I checked my email when I got to the DCU in Worcester and I had received an email from the very unhappy client at 4:45 p.m.  Since I had sent him the job at 7:30 a.m., I had thought that he might have responded sooner.

Anyway, I got that feeling in the pit of my stomach: I have failed.  I didn't even care that he threatened to not pay me -- I didn't like the fact that I had failed. And I was frantic because after Friday night, I was going to be completely unavailable until 8:00 p.m. on Saturday. Of course, the client stressed how critically he needed it within 24 hours (that would make it Saturday).  I just couldn't deal with it then.  I had gone to the DCU to get some issues cleared up because the number one thing stressed during orientation had been, "Don't be late to check in with a teller on Saturday or you cannot vote."  I wasn't going to be denied my vote after having taken vacation time, driven 50 miles, and ... blah, blah, blah.  So I needed to get the lay of the land and I wanted the full convention experience.  (Very few people attend on Friday, but instead they party.  I was being a very good girl.)

I pulled into the parking garage ($5 all day) and, as I had been told with my delegate instructions, I had my handicapped placard ready.

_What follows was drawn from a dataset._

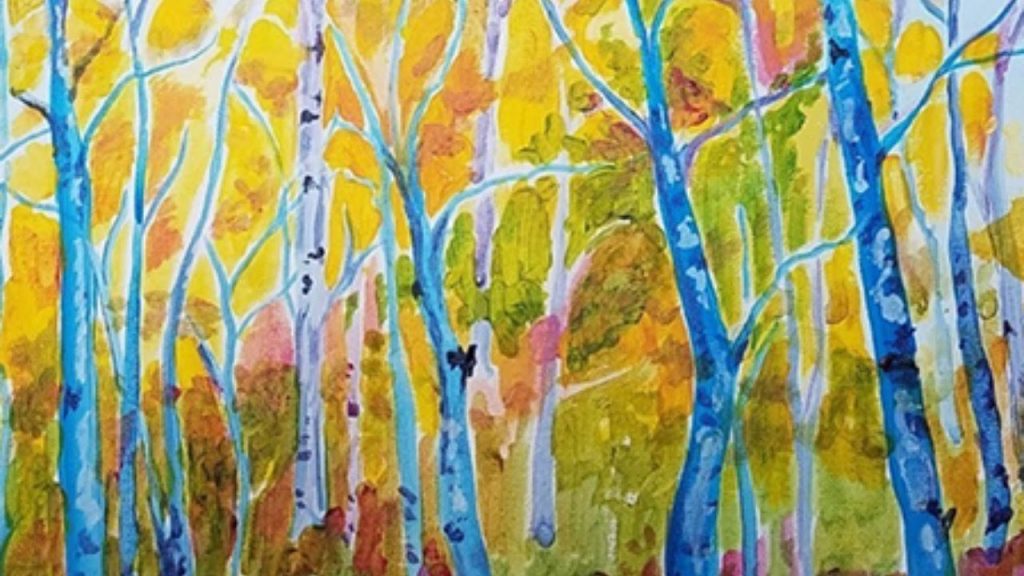 A beautiful autumn landscape painting featuring trees with yellow leaves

"How close to the entrance can I get?" I asked the parking attendant.
"I don't know."
"You don't know?"
"You still have to walk outside," he said as he put the ticket on my dashboard.
"Is there any other garage that connects directly to the DCU?"  (Is it unreasonable to think that there is a connecting tunnel?)
"You want to leave? This isn't just for you -- it's for everybody." 

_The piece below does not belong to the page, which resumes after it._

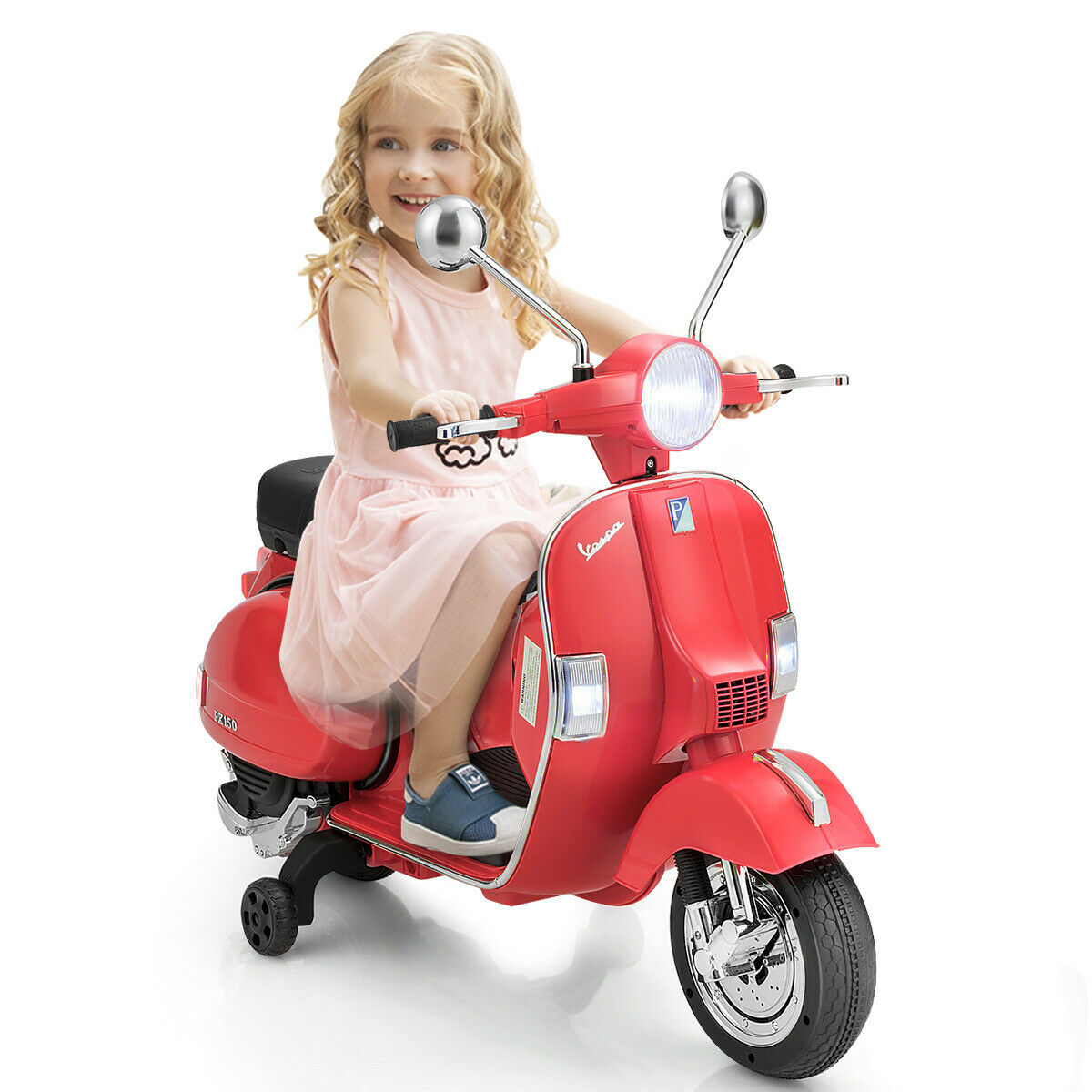 Ride On 6v Licenced Vespa Motorcycle with Music-Red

 After thanking him for being so sweet (insert sarcastic font here), I left and had to go up to level 3.  There was a handicapped space next to the elevator, luckily.  Also, luckily, there was a sign at the elevator to TAKE YOUR TICKET with you.  Normally, you pay before you leave; however, the ticket did get me $2.50 off my bill at Mezcal.

You have to cross the street diagonally to get to the DCU and there were so many campaign workers holding signs, it was difficult to get to the curb to wait for the light.  (Did I mention it was raining buckets?)

At that point, I still didn't know where I would be sitting and I was worried about too many stairs.  I was very glad to have my cane because those long corridor walks, which are easy for most people, are very painful for me.  

Finally, I get in and walk the long corridor and I go to the table staffed with fresh bright-faced young people that has a sign "Access Issues."  Or something like that.  I can see headphones and wheelchairs, and maybe a couple of walkers.  So I say, "I have trouble climbing stairs and I don't know where I'll be sitting.  Is there an elevator?"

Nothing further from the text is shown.